Selain penanggalan radiokarbon dan sejarah lisan, bukti lain yang kami gunakan untuk menafsirkan tanggal baru ini adalah gambar itu sendiri.

Salah satu sosok yang kami lihat dalam penanggalan karbon mengacungkan dua Parang Ilang bermata pendek , senjata utama yang digunakan selama peperangan yang menandai dekade pertama pemerintahan kulit putih di Kalimantan . Kami memperkirakan angka ini terjadi antara tahun 1670 dan 1710 ketika elit Melayu mendominasi Bidayuh.

Pada gambar lain yang kami pelajari, terlihat sosok manusia bertubuh besar yang memegang senjata khas seperti Pandat—pedang perang Dayak Darat, termasuk Bidayuh. Pandat digunakan secara eksklusif untuk pertempuran dan perlindungan, tidak pernah digunakan untuk pertanian atau kerajinan tangan, sehingga menunjukkan bahwa gambar tersebut berkaitan dengan konflik.

Kami memperkirakan angka ini terjadi antara tahun 1790 dan 1830. Ini adalah periode meningkatnya konflik antara Bidayuh dan Iban (Masyarakat Adat dari pesisir, juga dikenal sebagai Dayak Laut) dan penguasa Melayu Brunei

Selama periode ini banyak penduduk asli Sarawak pindah ke daerah pedalaman, termasuk daerah Gua Sireh, untuk menghindari penganiayaan .

Penguasa Brunei dikenal tidak hanya menindas dan memperbudak orang, tetapi juga mengizinkan ekspedisi suku Iban untuk menyerang Bidayuh. Suku Iban konon menjaga kepala orang-orang yang mereka bantai dan menyerahkan “budak” yang mereka tangkap kepada otoritas Brunei.

Contoh dari sejarah lisan Bidayuh tentang gua yang digunakan sebagai tempat perlindungan selama kekerasan teritorial berasal dari tahun 1855. Diplomat Inggris Spenser St John diperlihatkan kerangka di Gua Sireh. Seorang anggota suku setempat mengatakan dia telah menembak pria ini bertahun-tahun sebelumnya, sebelum pemerintahan James Brooke , yang dimulai pada tahun 1839.

Penembakan tersebut terjadi akibat pertikaian dengan seorang kepala suku Melayu yang sangat keras yang meminta suku Bidayuh menyerahkan anak-anak mereka. Mereka menolak dan mundur ke Gua Sireh di mana mereka berhasil menahan 300 orang bersenjata.

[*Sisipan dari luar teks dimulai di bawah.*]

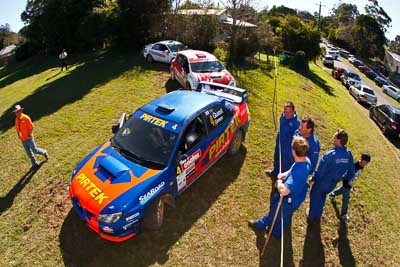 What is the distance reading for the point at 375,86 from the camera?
35281 mm

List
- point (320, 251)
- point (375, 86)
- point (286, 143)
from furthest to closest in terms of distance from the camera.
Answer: point (375, 86) < point (286, 143) < point (320, 251)

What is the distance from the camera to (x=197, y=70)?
11352mm

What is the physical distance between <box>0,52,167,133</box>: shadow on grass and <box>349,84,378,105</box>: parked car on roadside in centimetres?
1438

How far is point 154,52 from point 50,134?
29.4ft

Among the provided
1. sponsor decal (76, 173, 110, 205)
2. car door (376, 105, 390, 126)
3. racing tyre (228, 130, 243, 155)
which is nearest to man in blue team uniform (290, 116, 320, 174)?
racing tyre (228, 130, 243, 155)

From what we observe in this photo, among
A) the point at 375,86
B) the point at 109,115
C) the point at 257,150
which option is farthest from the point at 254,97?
the point at 375,86

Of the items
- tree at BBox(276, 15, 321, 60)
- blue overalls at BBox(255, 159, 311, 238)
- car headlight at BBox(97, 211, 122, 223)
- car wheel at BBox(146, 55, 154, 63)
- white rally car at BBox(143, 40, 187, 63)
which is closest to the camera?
blue overalls at BBox(255, 159, 311, 238)

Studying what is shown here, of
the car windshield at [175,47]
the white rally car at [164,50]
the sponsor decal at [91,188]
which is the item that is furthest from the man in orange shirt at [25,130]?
the car windshield at [175,47]

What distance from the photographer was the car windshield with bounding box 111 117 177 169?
204 inches

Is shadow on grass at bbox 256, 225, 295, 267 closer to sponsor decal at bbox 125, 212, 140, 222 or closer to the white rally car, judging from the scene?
sponsor decal at bbox 125, 212, 140, 222

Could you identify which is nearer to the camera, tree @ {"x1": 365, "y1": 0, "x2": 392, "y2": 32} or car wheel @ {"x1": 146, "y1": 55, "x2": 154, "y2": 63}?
car wheel @ {"x1": 146, "y1": 55, "x2": 154, "y2": 63}

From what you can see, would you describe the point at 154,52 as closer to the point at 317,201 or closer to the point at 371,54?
the point at 317,201

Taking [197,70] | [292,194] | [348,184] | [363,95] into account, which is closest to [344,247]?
[348,184]

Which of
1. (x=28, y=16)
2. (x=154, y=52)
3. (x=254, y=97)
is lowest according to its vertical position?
(x=254, y=97) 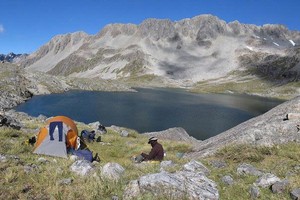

Menderita sejumlah kerugian (dua orang Bidayuh tertembak, dan tujuh orang ditawan dan dijadikan budak), sebagian besar suku tersebut melarikan diri melalui sisi jauh kompleks gua, menyelamatkan anak-anak mereka.

Sejarah lisan dikombinasikan dengan tokoh-tokoh yang memegang senjata perang mengontekstualisasikan zaman seni cadas yang kita miliki sekarang.

Tanggal langsung yang kami hasilkan menunjukkan periode pengundian yang berbeda dapat diidentifikasi.

Keberadaan gambar hitam di seluruh wilayah dan kemungkinan kaitannya dengan migrasi masyarakat Austronesia dan Melayu membuka kemungkinan menarik untuk memahami lebih jauh kompleksitas produksi seni cadas di Pulau Asia Tenggara.